Endodontic procedures require adequate cleansing and shaping and an acceptable three dimensional obturation of root canal systems. Vertical root fracture and cracks may appear after canal enlargement, filling especially lateral compaction , post space preparation, retreatment and ultrasonic instruments (1).

These consequences have seen during and after root canal therapies and may finally lead to treatment failures or even tooth loss (1). Therefore, early diagnosis of predisposing factors and efforts to reduce their incidence is necessary.  Numerous studies have reported that root canal preparation with nickel-titanium (NiTi) rotary instruments leads to crack formation in root dentin(2-4). Rundquist showed that cracks originate from the apical third (5).

Cracks or craze lines may initiate from the external surface of root without extending into the root canal lumen, or they may extend from inside the canal toward the outer surface, without reaching it. Alternatively, they may extend from the most inner to the most outer surface and make a connection between pulp and periodontal ligament (6). Occurrence of such lesions should be prevented as far as possible.

ProTaper files are well known rotary instruments with Convex Triangular Cross Section that performed well in different studies with regard to shaping ability (9, 10).

RaCe instruments with a triangular cross-sectional design and alternating cutting edges (straight sector varies with twisted sector) are claimed to prevent from screwing the instrument into the root canal thus reducing intraoperative torque values (11).

 Because of their increased tapering, their active cutting movements are facilitated and thus more dentin is removed in coronal areas in comparison to other rotary systems and maintained the original canal curvature more than ProTaper (12).

NiTi Tee instruments consist of six Ni-Ti files (Coronal Shaper, K-type and five files with a modified S-profile) with varying tapers for use with the crown down method. Like most rotary instruments is a rounded noncutting tip with S-type flute design that is characterized by two 90° cutting edges with no radial lands.
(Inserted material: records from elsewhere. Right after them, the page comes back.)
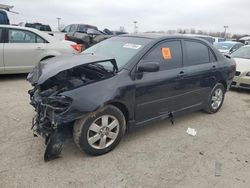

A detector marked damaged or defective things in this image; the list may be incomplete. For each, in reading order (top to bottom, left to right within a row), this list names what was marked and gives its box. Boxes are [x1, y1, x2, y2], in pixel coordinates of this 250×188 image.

broken headlight [41, 95, 73, 113]
crumpled hood [27, 53, 117, 85]
crashed front end [27, 54, 117, 162]
damaged black car [27, 33, 236, 160]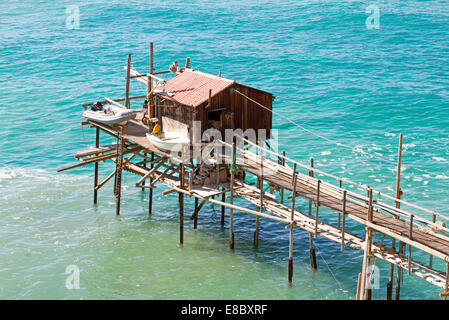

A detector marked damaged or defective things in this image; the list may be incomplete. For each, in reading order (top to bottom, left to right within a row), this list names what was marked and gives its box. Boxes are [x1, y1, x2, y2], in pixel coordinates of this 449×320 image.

rusty corrugated metal roof [154, 69, 234, 107]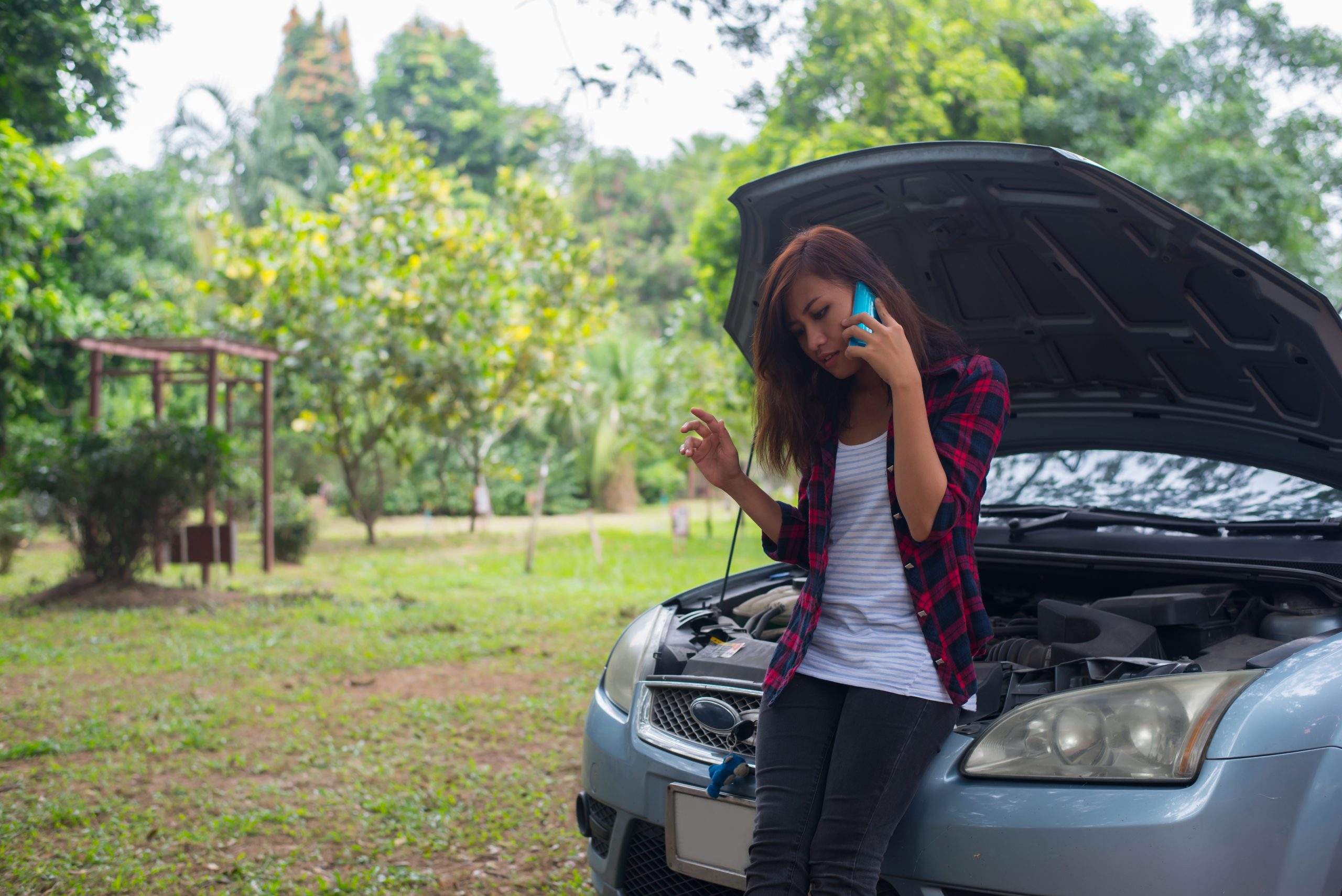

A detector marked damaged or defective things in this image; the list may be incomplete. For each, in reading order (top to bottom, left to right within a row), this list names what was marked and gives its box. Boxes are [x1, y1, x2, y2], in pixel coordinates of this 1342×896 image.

rusty frame structure [74, 332, 279, 577]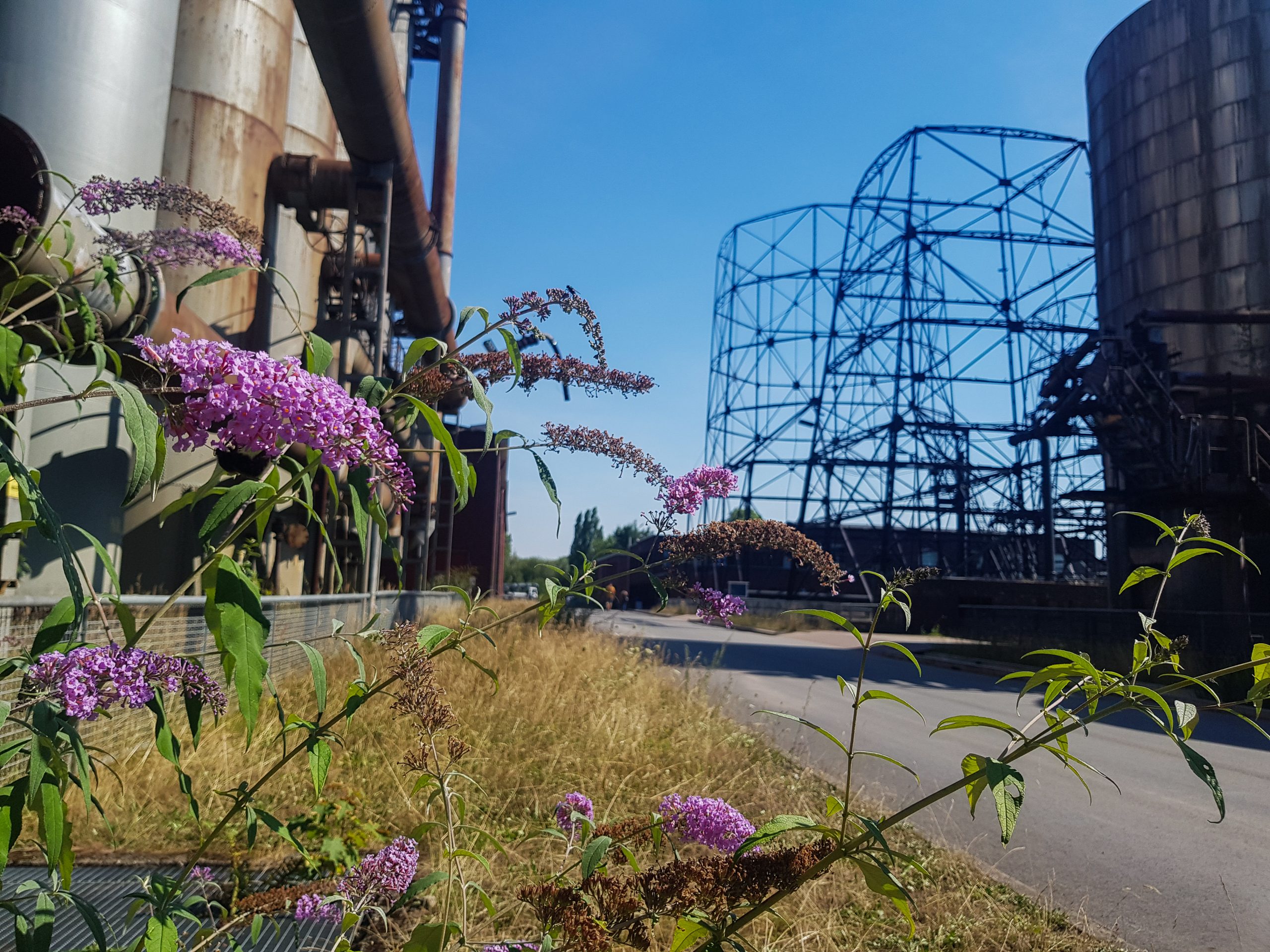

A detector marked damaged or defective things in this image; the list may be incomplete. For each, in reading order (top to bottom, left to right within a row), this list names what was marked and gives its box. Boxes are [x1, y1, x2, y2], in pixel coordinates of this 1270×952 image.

rusty metal tank [159, 0, 294, 340]
rusty pipe [291, 0, 452, 340]
rusty pipe [432, 0, 467, 294]
rusty metal tank [1087, 1, 1270, 378]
Flutes at base are twice the size of flutes at the tip.

This three NiTi root canal instruments represent three different cross-sectional designs with large variations in the depth of the flute; apply in crown down technique (13).

Hyeon-Cheol Kim showed that stiffer file designs generated higher stress concentrations in the apical root dentin during preparation of the curved canal, which increases the risk of dentinal defects. Thus, stress levels during shaping and fracture susceptibility after shaping vary with instrument design (14).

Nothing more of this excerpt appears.